Requirements¶

Please note that, Burp-UI must be running on the same server that runs the burp-server for some features.

Note

At the moment, Burp-UI and this doc is mostly debian-centric but feel free to contribute for other distributions!

Python¶

Burp-UI is built against python 2.7. The support for python 2.6 has been removed since it is not supported anymore by the CPython core team. Unit tests are ran against python 2.7 and python 3.6. If you encounter compilation errors with one of these version, feel free to report them.

Libraries¶

Some libraries are required to be able to compile some requirements:

apt-get install libffi-dev libssl-dev python-dev python-pip

LDAP¶

For LDAP authentication (optional), we need extra dependencies.

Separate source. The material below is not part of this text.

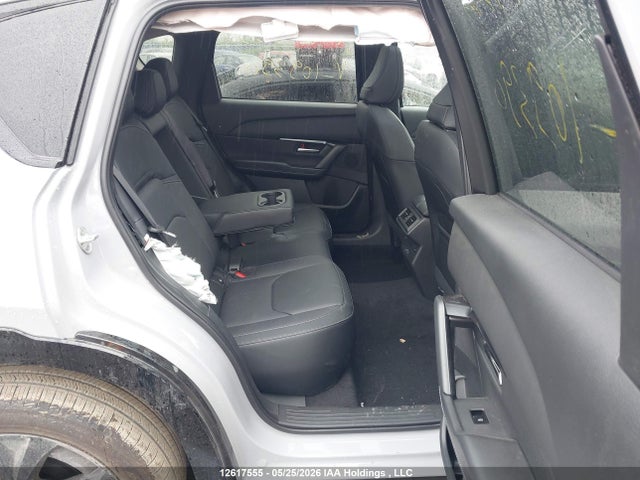 JM3KMCHA2T0109390 Mazda CX-5 GT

You can install them using the following command:

pip install "burp-ui[ldap_authentication]"

Redis¶

If you wish to use redis for Caching and/or managing user sessions, you need additional dependencies:

pip install "burp-ui[gunicorn-extra]"

Celery¶

The celery worker also needs additional dependencies that you can install using:

pip install "burp-ui[celery]"

SQL¶

If you need persistent data, you will need additional dependencies as well:

pip install "burp-ui[sql]"

Now if you want to use a MySQL database, you will need the proper driver. For instance:

pip install mysqlclient

Warning

The MySQL driver does not seem to play nicely with concurrency, you should set preload=False within your gunicorn config.

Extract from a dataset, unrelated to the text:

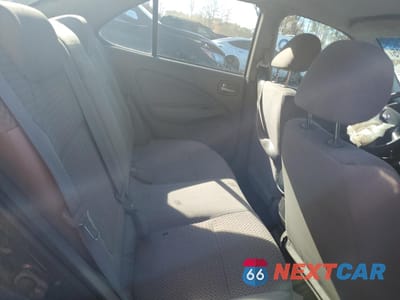 Zdjęcie 10 z 12 samochodu: 2004 NISSAN SENTRA 1.8 VIN:3N1CB51D84L896808 - miniatura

To use a PostgreSQL database, you need the psycopg2 driver:

pip install psycopg2

Warning

The PostgreSQL driver does not seem to play nicely with concurrency, you should set preload=False within your gunicorn config.

Limiter¶

If you want to rate-limit the API, you will need additional dependencies too:

pip install flask-limiter

WebSocket¶

If you want to enable the WebSockets support, you need to install the following:

pip install "burp-ui[websocket]"

Burp1¶

The burp1 backend supports burp versions from 1.3.48 to 1.4.40. With these versions of burp, the status port is only listening on the local machine loopback interface (ie. localhost or 127.0.0.1). It means you MUST run Burp-UI on the same host that is running your burp server in order to be able to access burp’s statistics. Alternatively, you can use a bui-agent.

Burp2¶

The burp2 backend supports only burp 2.0.18 and above. Some versions are known to contain critical issues resulting in a non-functional Burp-UI: 2.0.24, 2.0.26 and 2.0.30 If you are using an older version of burp2 Burp-UI will fail to start.

Getting started¶

The first thing to do before digging into Burp-UI is probably to read its architecture in order to understand how it works. Once it’s done, you can refer to the installation page.